Volunteer architect Jack Fermery of Hampton Falls said plans for the 60-foot long by 12-foot wide bridge include a "wooden cover with wood posts over the bridge," complete with a metal roof. Fermery said he works closely with Dick Robinson, Hampton Falls resident and road agent, who is working as a volunteer to head construction on the bridge.

Wayne Barker, another volunteer who lives in town and owns an auto body shop in North Hampton, said efforts are underway to "reclaim the hot-top that's (on the bridge) now." According to Fermery, plans currently call for the paving of the bridge so that it will be "very nice and smooth."

"It's really becoming, very much literally and figuratively, a homegrown project," said Judy Wilson of the Old Stage Road Bridge Committee. "We're doing it ourselves."

Wilson noted the high price the committee would have had to pay if it had relied on outside contractors. She said the generosity of volunteers and "the Savage family have really made this (project) possible."

Charlie Savage, 88, built the sawmill, located at Wakeda Campground, in 1952. According to the family, Charlie used to travel over the bridge to fetch milk from his friend Gary Hurd, at the Hurd Dairy Farm in Hampton. "Three days a week, on Saturday mornings, after work on Tuesdays and Thursdays, he would bring big silver cans of milk home...The cream (was always) floating on top when you opened it. It was right from the cows," said one of Charlie's children, Jan Hambleton.

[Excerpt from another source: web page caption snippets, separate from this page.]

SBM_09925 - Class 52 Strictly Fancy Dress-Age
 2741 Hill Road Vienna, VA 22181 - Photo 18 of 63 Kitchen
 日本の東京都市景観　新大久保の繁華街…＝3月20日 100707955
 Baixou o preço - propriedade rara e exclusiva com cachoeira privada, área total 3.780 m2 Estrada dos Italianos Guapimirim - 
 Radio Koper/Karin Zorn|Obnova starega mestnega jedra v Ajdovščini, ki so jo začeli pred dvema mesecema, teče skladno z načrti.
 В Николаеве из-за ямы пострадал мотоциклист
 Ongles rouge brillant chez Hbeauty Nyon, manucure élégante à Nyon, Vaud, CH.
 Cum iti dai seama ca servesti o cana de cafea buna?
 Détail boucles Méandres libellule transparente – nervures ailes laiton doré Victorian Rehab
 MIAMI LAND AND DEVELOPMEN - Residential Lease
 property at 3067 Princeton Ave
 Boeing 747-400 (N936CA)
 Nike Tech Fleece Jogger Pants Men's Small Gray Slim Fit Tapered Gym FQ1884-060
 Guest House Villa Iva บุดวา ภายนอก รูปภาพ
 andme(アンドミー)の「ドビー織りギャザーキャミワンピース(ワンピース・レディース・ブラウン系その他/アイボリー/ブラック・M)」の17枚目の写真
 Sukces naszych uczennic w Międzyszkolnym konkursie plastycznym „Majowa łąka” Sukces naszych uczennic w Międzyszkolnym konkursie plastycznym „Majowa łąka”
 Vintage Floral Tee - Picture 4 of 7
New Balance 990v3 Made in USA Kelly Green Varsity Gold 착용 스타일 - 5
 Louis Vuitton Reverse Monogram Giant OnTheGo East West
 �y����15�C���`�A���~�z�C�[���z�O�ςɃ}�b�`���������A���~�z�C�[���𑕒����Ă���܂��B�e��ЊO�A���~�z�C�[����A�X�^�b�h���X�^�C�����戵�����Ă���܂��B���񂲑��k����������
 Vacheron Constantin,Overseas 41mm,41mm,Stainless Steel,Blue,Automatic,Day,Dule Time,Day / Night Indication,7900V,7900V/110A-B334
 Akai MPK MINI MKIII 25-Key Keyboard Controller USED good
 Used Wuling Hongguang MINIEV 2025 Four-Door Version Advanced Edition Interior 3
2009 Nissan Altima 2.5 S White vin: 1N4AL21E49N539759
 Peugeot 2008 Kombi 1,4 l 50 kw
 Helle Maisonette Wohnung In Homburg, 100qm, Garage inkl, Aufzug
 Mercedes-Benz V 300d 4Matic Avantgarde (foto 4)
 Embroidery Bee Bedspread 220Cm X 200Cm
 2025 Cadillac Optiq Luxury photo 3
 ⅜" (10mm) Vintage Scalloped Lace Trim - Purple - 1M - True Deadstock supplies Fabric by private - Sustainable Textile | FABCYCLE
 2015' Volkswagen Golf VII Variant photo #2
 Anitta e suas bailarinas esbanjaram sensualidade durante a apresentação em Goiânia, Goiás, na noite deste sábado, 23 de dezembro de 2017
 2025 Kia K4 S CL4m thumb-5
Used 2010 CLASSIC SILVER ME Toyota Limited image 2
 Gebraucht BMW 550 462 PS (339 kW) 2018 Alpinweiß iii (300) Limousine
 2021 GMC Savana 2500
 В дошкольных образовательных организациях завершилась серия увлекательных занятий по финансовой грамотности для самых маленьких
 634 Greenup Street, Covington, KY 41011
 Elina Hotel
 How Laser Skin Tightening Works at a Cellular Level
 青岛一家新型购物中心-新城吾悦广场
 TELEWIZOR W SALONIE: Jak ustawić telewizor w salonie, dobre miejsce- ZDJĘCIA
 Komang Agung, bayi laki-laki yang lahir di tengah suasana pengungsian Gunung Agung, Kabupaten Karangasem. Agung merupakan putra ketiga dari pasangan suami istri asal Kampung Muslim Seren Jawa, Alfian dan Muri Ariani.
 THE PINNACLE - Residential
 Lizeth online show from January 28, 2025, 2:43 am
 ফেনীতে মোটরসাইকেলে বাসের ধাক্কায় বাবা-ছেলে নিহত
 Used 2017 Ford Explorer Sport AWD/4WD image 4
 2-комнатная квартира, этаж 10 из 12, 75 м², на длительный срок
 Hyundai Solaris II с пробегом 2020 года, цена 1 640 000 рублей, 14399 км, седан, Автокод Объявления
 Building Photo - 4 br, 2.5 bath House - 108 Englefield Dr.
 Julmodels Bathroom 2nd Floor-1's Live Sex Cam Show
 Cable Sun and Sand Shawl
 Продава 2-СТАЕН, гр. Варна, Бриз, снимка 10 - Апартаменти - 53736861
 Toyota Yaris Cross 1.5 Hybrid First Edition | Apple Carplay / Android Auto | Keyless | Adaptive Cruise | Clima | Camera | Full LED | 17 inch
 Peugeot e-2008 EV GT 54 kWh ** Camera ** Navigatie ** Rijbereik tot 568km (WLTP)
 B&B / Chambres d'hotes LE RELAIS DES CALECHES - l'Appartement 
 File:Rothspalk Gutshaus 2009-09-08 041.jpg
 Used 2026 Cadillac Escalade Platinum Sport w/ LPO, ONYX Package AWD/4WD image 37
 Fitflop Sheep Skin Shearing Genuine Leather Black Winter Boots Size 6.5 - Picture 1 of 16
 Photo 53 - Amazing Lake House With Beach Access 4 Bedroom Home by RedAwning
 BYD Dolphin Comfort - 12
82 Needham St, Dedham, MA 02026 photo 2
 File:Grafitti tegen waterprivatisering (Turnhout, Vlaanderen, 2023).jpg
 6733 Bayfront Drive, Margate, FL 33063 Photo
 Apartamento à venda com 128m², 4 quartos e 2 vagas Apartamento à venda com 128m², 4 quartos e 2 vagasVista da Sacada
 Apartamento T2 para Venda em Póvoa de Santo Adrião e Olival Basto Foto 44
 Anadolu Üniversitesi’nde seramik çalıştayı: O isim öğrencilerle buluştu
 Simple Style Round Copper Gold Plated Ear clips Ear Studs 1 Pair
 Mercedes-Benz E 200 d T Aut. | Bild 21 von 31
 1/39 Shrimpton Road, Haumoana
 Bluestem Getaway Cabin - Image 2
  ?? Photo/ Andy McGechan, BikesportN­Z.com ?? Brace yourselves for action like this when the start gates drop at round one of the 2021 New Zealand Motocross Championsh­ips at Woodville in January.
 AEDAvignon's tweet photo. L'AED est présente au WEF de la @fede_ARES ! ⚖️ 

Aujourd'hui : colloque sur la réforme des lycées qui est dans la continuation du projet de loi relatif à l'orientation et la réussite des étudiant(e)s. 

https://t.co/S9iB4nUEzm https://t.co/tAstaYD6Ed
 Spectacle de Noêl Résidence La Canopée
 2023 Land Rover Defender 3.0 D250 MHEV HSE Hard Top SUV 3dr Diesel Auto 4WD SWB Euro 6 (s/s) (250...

In addition to dairy needs, the bridge was also a necessary route to visit a relative, Charlie's sister Barbara Top-pan of the historic Toppan family, whose genealogy is a mainstay in Hampton history books.

Terry Savage, Charlie's son, now operates the family's mill at Wakeda Campground. Terry and his crew have already prepared some of the pine purlins that will be used to hold up the roof of the Old Stage Road's covered bridge.

Hambleton said the Savages thought it would "be a nice continuity" to use "Hampton Falls labor and lumber" on the bridge.

For now, the Old Stage Road Bridge Committee, which is not relying on taxpayer dollars, is dedicated to raising funds through the generosity of Hampton Falls and Hampton residents for those expenses that cannot be covered by volunteer skill.

Although there is a long way to go, Wilson said the journey so far has been made possible by the "generosity of people donating service. We haven't had to compromise on quality at all," she added.

"It's so heartwarming to tap into the talent that is here -- the local talent," she said.